An **uncertain** classification indicates that the crawler loaded the page successfully but found none of the definitive markers for either expiration or activity. This typically occurs when the page lacks an apply button but also lacks explicit "job filled" language or HTTP errors. These URLs are logged as `skipped_no_apply_control` and excluded from results unless they show an apply control on retry.

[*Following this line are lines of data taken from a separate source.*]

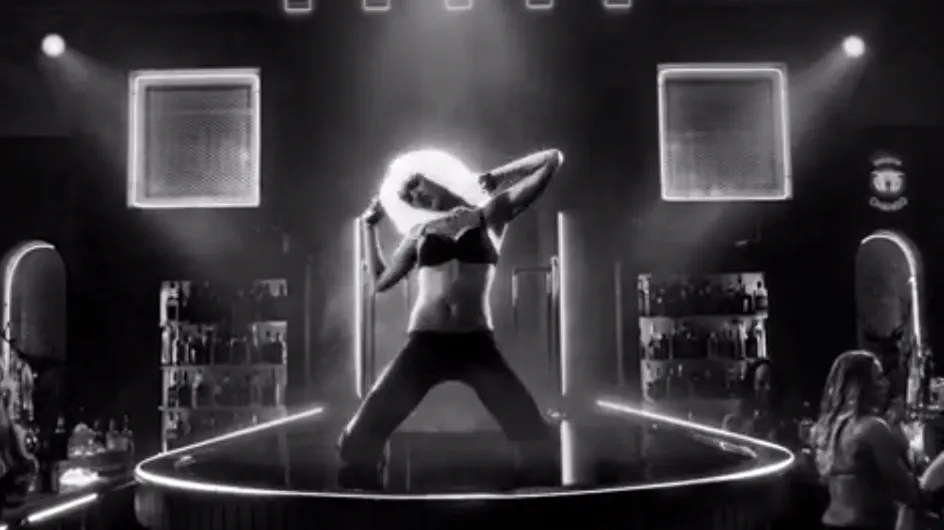 Jessica Alba : Strip-teaseuse torride dans Sin City 2 (Vidéo)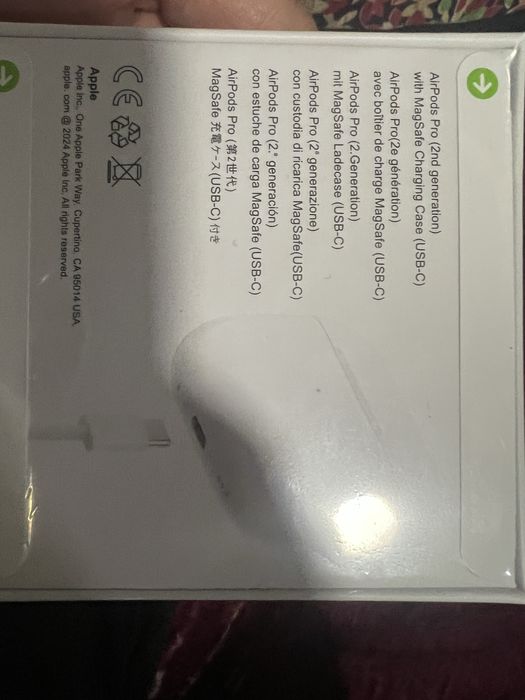 AirPods Pro (2-avlod) MagSafe zaryadlash g‘ilofi bilan (USB-C)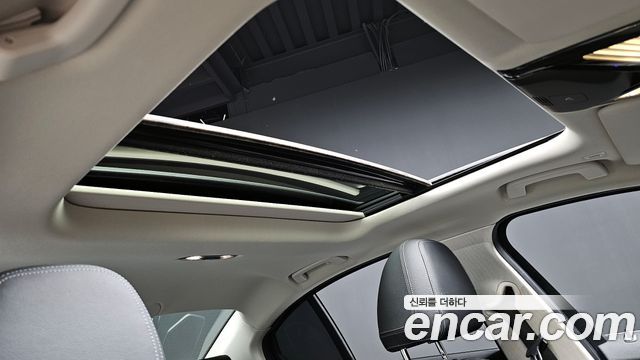 BMW 3-Series 320i Luxury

### How does Career-Ops prevent false positives when a job is actually active?

The classifier prioritizes positive signals. If `checkUrlLiveness` detects visible apply controls in the `applyControls` array, it immediately returns `active` with code `apply_control_visible`, bypassing all expiration checks. This ensures that functional application buttons—regardless of page text content—are treated as authoritative evidence that the posting is live.

### Can I run liveness checks without triggering a full scan?

Yes. The repository includes **`check-liveness.mjs`**, a thin CLI wrapper around `checkUrlLiveness`. You can invoke this script directly against specific URLs to debug classification results or verify individual postings without executing the full `scan.mjs` pipeline with the `--verify` flag.

### Why does the system use 300 characters as the minimum content threshold?

The `MIN_CONTENT_CHARS` constant (default 300) filters out pages that render only navigation headers, footers, or generic error shells. When a job posting is removed, some sites return a valid HTTP 200 status with nearly empty HTML. By requiring at least 300 characters of body text, the `insufficient_content` rule catches these hollow responses and marks them expired before they reach the user.